During the earlier days, the route from Europe to South America was divided into three distinct parts.

The first leg from Berlin to the Canary Islands was operated by the Deutsche Luft Hansa. On the flight from Berlin to Cadiz regular and fast planes were used whereas sea planes covered the route between Cadiz and Las Palmas on the Canary Islands.

Cap Arcona and Dornier Wal "Olinda" off Fernando de Noronha
Cap Arcona and Dornier Wal "Olinda" from the Syndicato Condor off Fernando de Noronha

 

 

The mail was then transferred to the liner "Cap Polonio" or "Cap Arcona". Once the liners came close to Fernando de Noronha a Dornier Wal flying boat left Rio de Janeiro for Fernando de Noronha were the mail was handed over.

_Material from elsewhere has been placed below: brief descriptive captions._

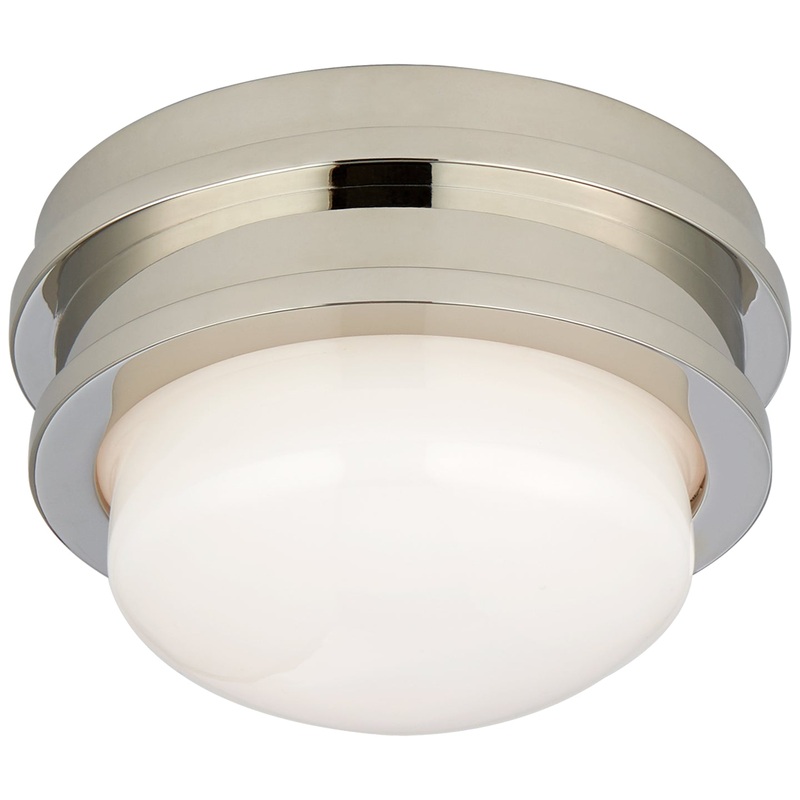LED Flush Mount from the Launceton Collection in Polished Nickel Finish by Visual Comfort Signature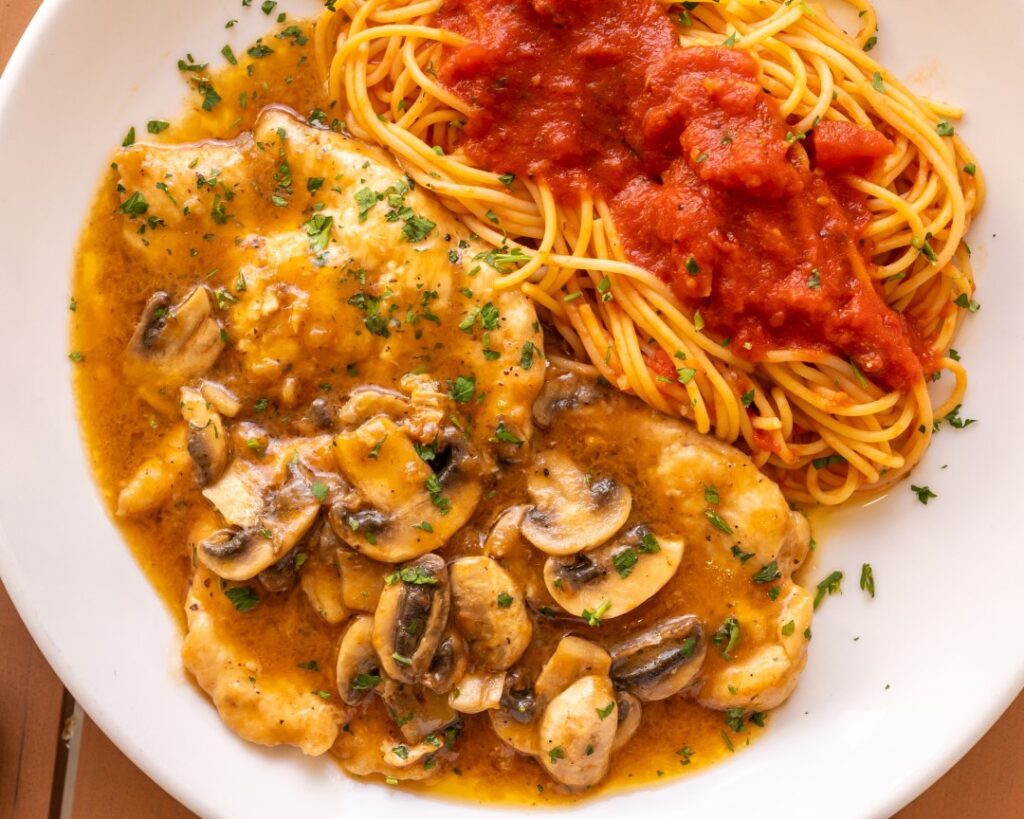 Primo Family Restaurant chicken angelica entree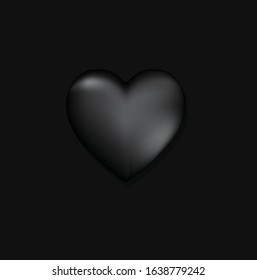 minimalist black, Black heart on a black background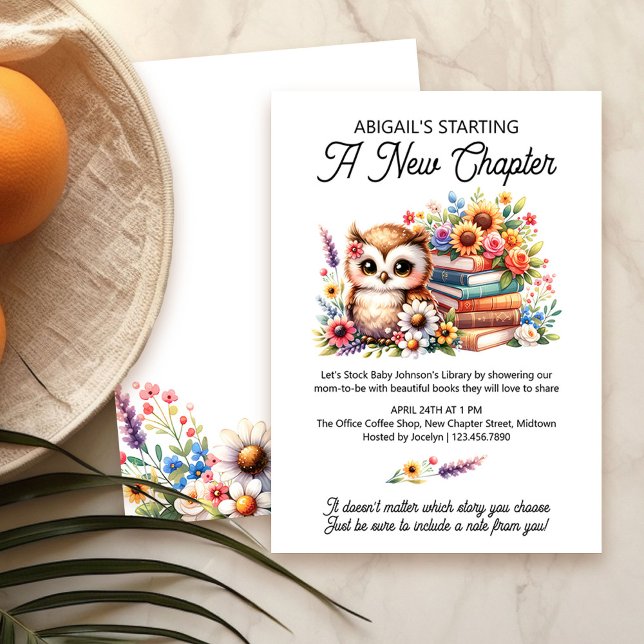 Invitation Livre Baby shower Cute Owl et livres Nouveau chapi (Book Themed Baby Shower invitation for book lovers, office baby showers, baby sprinkles ..)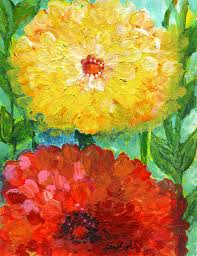 Flowers last a long time, mostly all throughout the warmer months. One Yellow One Red And Orange Flower Shines Painting By Ashleigh Dyan Bayer
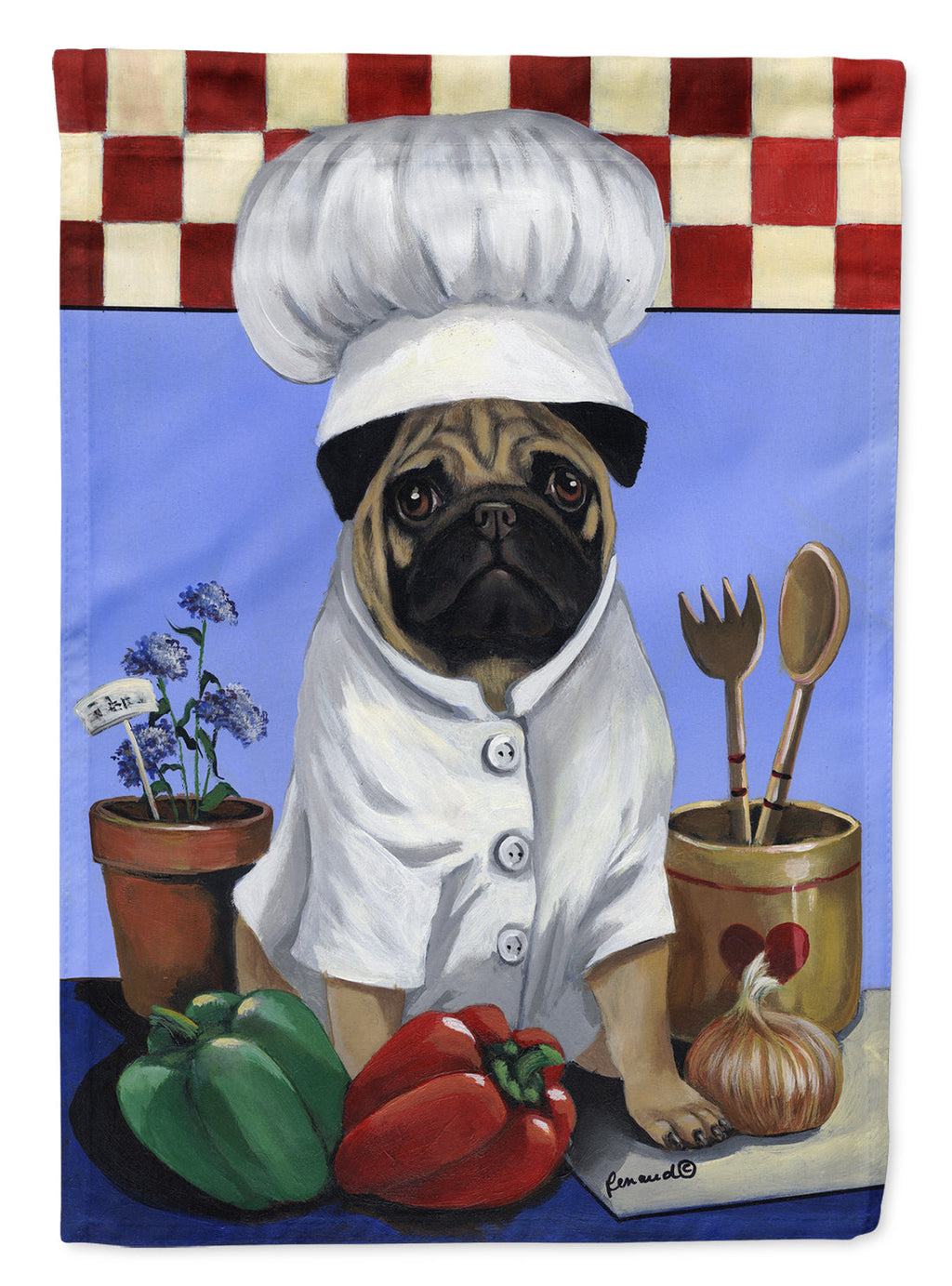 Pug Veggie Chef House Flag 28x40 Porch Sleeve Pole Decorative Outside Yard Banner Artwork Wall Hanging, Polyester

The Wals were operated by the Syndicato Condor Ltda covering the last leg.

On the way to Europe the Wals brought the mail to Fernando de Noronha were it was picked up by one of the liners on their way to the Canary Islands.

Using this combined mail service resulted in a delivery time 4 to 5 days faster than by regular service.

The Dornier Wal shown in the picture is believed to be the "Olinda". It crashed on Sept 11, 1931 while taking off on the Rio Potengi in Natal. Only one member  (Paul Hein) of the German crew (Max Christian Sauer, Rudolf Karwat, Franz Noether, Paul Hein) survived. The Rampa Foundation has an article of the crash on it's web site.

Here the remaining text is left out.